━━━━━ Information provided ━━━━━
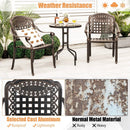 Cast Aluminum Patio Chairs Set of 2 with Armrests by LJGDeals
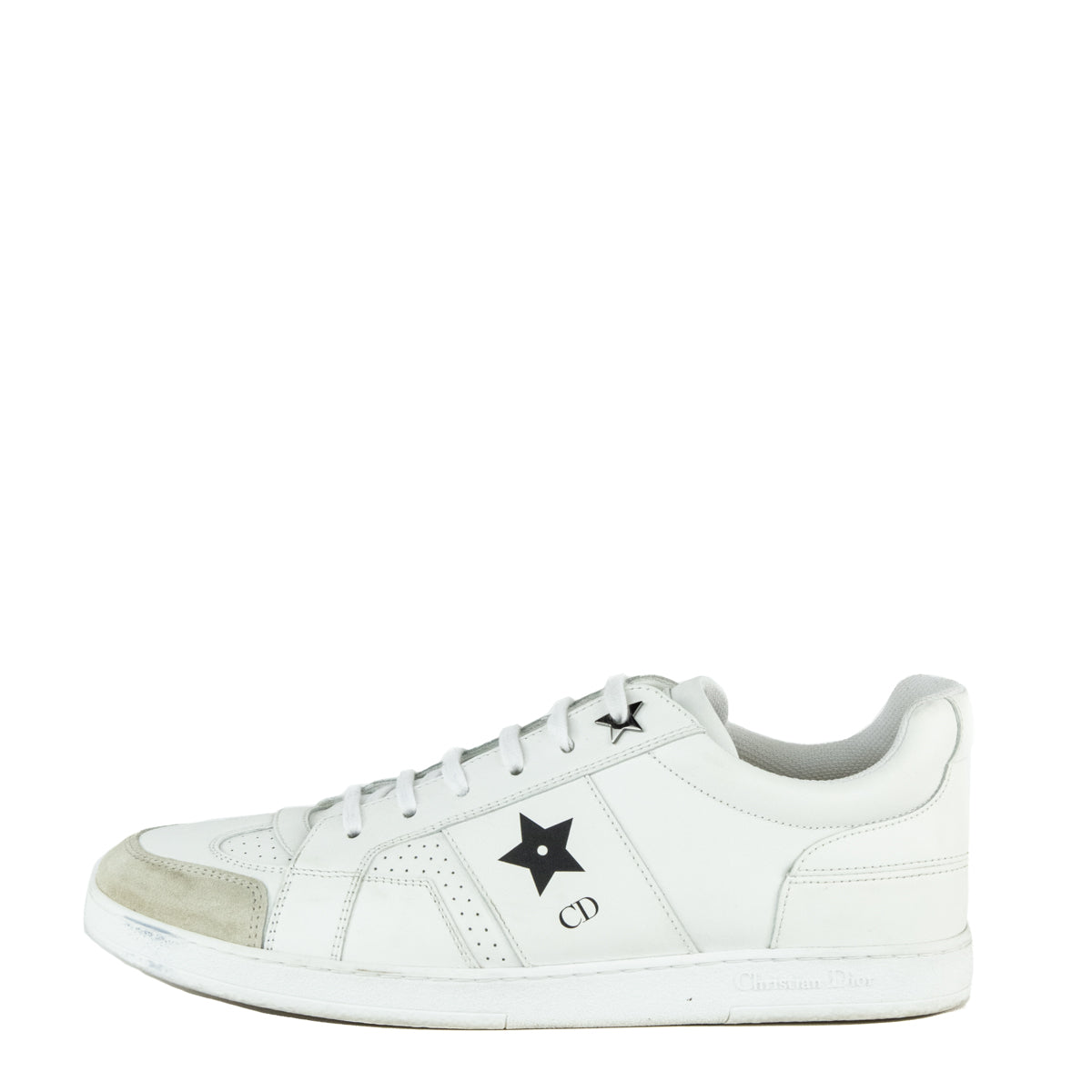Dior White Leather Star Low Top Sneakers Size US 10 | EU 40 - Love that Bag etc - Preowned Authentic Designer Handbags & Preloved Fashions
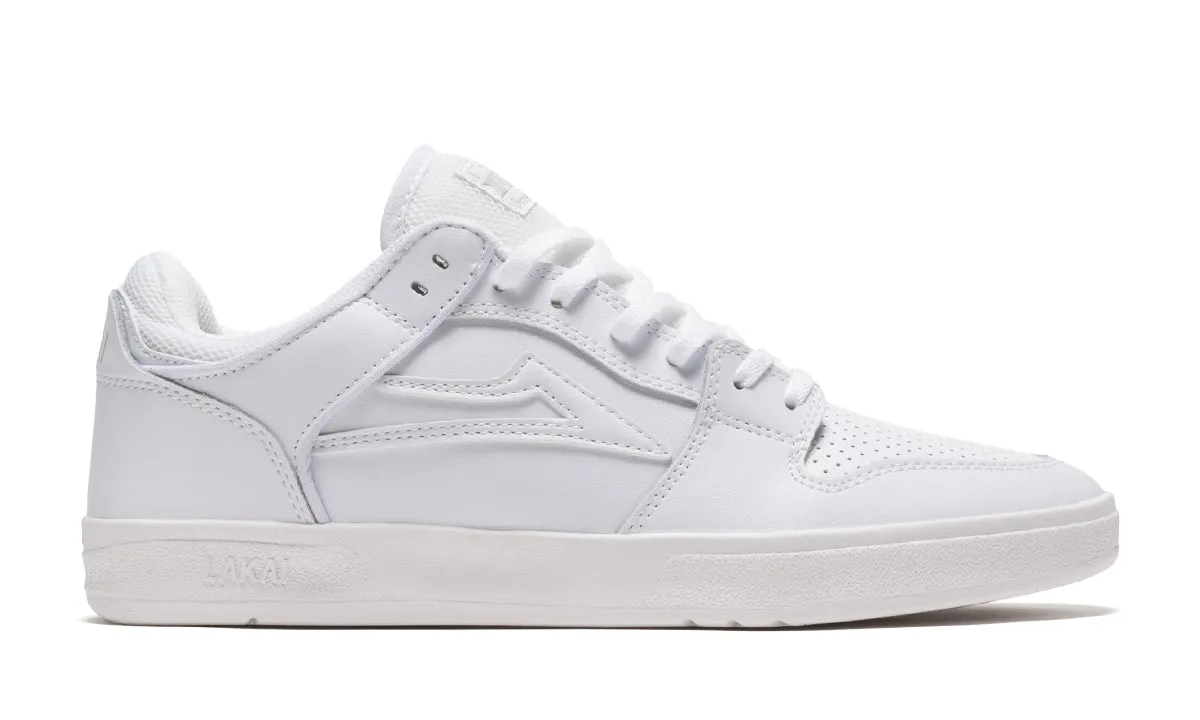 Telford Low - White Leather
━━━━━
Exercise requirements:
Only the pictures are to be omitted; restate everything else above exactly.

Solution to this problem:
 Cast Aluminum Patio Chairs Set of 2 with Armrests by LJGDeals
Dior White Leather Star Low Top Sneakers Size US 10 | EU 40 - Love that Bag etc - Preowned Authentic Designer Handbags & Preloved Fashions
 Telford Low - White Leather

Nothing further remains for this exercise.